▶ _Assigned task_
Nothing may be left out or changed. Print every entry.

Scraped caption text data:
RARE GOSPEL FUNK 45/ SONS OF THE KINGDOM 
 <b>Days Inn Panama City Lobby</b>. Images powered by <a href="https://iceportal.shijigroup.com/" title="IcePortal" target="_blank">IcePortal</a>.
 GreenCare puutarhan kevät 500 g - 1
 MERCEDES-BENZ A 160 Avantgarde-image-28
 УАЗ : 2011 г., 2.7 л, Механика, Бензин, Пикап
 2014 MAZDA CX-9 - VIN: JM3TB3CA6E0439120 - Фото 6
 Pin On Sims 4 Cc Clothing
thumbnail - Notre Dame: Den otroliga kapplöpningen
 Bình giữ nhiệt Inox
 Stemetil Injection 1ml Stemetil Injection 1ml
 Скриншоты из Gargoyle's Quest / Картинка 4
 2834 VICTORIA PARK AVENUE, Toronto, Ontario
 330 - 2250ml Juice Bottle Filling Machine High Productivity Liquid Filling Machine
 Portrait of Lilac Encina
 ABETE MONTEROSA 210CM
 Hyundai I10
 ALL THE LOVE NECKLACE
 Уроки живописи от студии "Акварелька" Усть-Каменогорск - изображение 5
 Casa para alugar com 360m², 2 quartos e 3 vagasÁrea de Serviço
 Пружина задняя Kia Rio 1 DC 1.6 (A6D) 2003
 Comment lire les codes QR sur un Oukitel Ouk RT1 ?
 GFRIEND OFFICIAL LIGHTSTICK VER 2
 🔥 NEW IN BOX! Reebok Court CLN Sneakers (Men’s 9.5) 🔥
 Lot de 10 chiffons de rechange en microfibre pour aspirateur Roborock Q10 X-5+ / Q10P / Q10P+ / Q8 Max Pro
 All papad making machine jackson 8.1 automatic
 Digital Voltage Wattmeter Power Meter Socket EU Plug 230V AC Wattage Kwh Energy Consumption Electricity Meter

▶ _Output below_
RARE GOSPEL FUNK 45/ SONS OF THE KINGDOM 
 <b>Days Inn Panama City Lobby</b>. Images powered by <a href="https://iceportal.shijigroup.com/" title="IcePortal" target="_blank">IcePortal</a>.
 GreenCare puutarhan kevät 500 g - 1
 MERCEDES-BENZ A 160 Avantgarde-image-28
 УАЗ : 2011 г., 2.7 л, Механика, Бензин, Пикап
 2014 MAZDA CX-9 - VIN: JM3TB3CA6E0439120 - Фото 6
 Pin On Sims 4 Cc Clothing
thumbnail - Notre Dame: Den otroliga kapplöpningen
 Bình giữ nhiệt Inox
 Stemetil Injection 1ml Stemetil Injection 1ml
 Скриншоты из Gargoyle's Quest / Картинка 4
 2834 VICTORIA PARK AVENUE, Toronto, Ontario
 330 - 2250ml Juice Bottle Filling Machine High Productivity Liquid Filling Machine
 Portrait of Lilac Encina
 ABETE MONTEROSA 210CM
 Hyundai I10
 ALL THE LOVE NECKLACE
 Уроки живописи от студии "Акварелька" Усть-Каменогорск - изображение 5
 Casa para alugar com 360m², 2 quartos e 3 vagasÁrea de Serviço
 Пружина задняя Kia Rio 1 DC 1.6 (A6D) 2003
 Comment lire les codes QR sur un Oukitel Ouk RT1 ?
 GFRIEND OFFICIAL LIGHTSTICK VER 2
 🔥 NEW IN BOX! Reebok Court CLN Sneakers (Men’s 9.5) 🔥
 Lot de 10 chiffons de rechange en microfibre pour aspirateur Roborock Q10 X-5+ / Q10P / Q10P+ / Q8 Max Pro
 All papad making machine jackson 8.1 automatic
 Digital Voltage Wattmeter Power Meter Socket EU Plug 230V AC Wattage Kwh Energy Consumption Electricity Meter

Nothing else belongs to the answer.